Johnson was raised by his mother in a tenement yard in the heart of Trench Town. Biah's yard at 15½ James Street is significant in Johnson's development as an artist and musician. This yard, owned by an Indian who had moved to Kingston from Cuba, doubled as a popular dance hall on weekends and holidays. Some of the big sound systems of the era, including King Tubby's, played at dances in Biah's yard. Many of the top Jamaican singers of the time were also from Trench Town, and Johnson took inspiration from the likes of John Holt, Dennis Brown, and Alton Ellis, regularly visiting the latter's yard in nearby White Street.
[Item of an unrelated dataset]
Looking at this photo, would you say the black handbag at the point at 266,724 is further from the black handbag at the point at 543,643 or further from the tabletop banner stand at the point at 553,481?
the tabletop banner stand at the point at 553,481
When political violence escalated in Kingston, Johnson moved away to Montego Bay, where he stayed with Ellis's younger brother Irving. While there sang with Irving's steel band, which performed at local hotels. When Johnson moved back south, he lived in Portmore, where he befriended the actor/comedian Carl Bradshaw, and played in Bradshaw's backing band.
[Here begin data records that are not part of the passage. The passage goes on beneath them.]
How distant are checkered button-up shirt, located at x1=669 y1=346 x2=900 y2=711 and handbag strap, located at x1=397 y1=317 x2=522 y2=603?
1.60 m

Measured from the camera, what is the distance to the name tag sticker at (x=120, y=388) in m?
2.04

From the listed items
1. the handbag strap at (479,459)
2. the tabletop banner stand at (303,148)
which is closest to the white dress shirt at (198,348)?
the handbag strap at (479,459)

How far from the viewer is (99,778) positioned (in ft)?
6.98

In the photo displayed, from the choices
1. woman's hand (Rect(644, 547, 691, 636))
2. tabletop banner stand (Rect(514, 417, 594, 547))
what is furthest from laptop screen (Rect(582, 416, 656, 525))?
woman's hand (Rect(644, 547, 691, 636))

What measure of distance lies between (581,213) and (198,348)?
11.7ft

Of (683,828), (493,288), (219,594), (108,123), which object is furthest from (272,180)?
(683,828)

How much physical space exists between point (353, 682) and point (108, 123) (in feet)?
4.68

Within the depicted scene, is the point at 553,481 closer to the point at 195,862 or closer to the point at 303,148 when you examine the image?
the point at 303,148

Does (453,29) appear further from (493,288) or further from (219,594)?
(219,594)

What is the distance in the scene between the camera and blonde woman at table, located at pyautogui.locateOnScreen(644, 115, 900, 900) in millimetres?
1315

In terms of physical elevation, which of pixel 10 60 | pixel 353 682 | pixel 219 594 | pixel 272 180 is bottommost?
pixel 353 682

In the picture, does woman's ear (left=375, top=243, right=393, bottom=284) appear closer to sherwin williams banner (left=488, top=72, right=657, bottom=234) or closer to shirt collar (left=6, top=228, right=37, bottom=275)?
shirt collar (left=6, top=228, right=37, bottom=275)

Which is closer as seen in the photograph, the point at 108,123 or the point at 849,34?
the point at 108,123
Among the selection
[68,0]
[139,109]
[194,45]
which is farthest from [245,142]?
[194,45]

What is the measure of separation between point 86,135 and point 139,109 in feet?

In the mid-1970s, Johnson began auditioning at Kingston's studios, along with his friend Horace Grassett (better known as Badoo). His first recording was "Free Black Man" for producer Bunny Lee, although this was not released; Lee did, however, suggest that Johnson drop 'Roy' from his name, and he has performed as Anthony Johnson since. He went on to record for the Hoo Kim brothers at Channel One Studios, and was sufficiently successful that he could buy a guitar. Johnson spent a lot of time at the Rasta camp on Selassie Drive, where he met Les Clarke and Balvin Finals, with whom he formed the vocal trio Mystic I. They recorded several tracks with Linval Thompson, which he released without their knowledge as the album Mysterious in the UK in 1979. Tracks from those sessions were also released in 2009 by Johnson on the Perilous Time Showcase album. The group then recorded three tracks for Lee "Scratch" Perry at his Black Ark studio, with "Forward With Jah Orthodox" released by Perry as a single on his Black Art label. Ongoing solo, he recorded for several of the top Jamaican producers, most at Channel One Studios, including Linval Thompson ("Africa", "Life is Not Easy"), Henry "Junjo" Lawes ("Let Go This One", "Now I Know"), and Harry J ("Follow Them Footsteps"), but had his greatest success working with Jah Thomas who produced his first big hit in 1982 with "Gunshot", which pleaded for a cessation of the so-called "shotta" mentality, and which has remained a perennial favorite with sound systems. The single was followed by an album of the same name. Johnson continued to record throughout the 1980s, working with Prince Jammy on the hit single "A Yah We Deh", and with Dillinger on the single "Too Much".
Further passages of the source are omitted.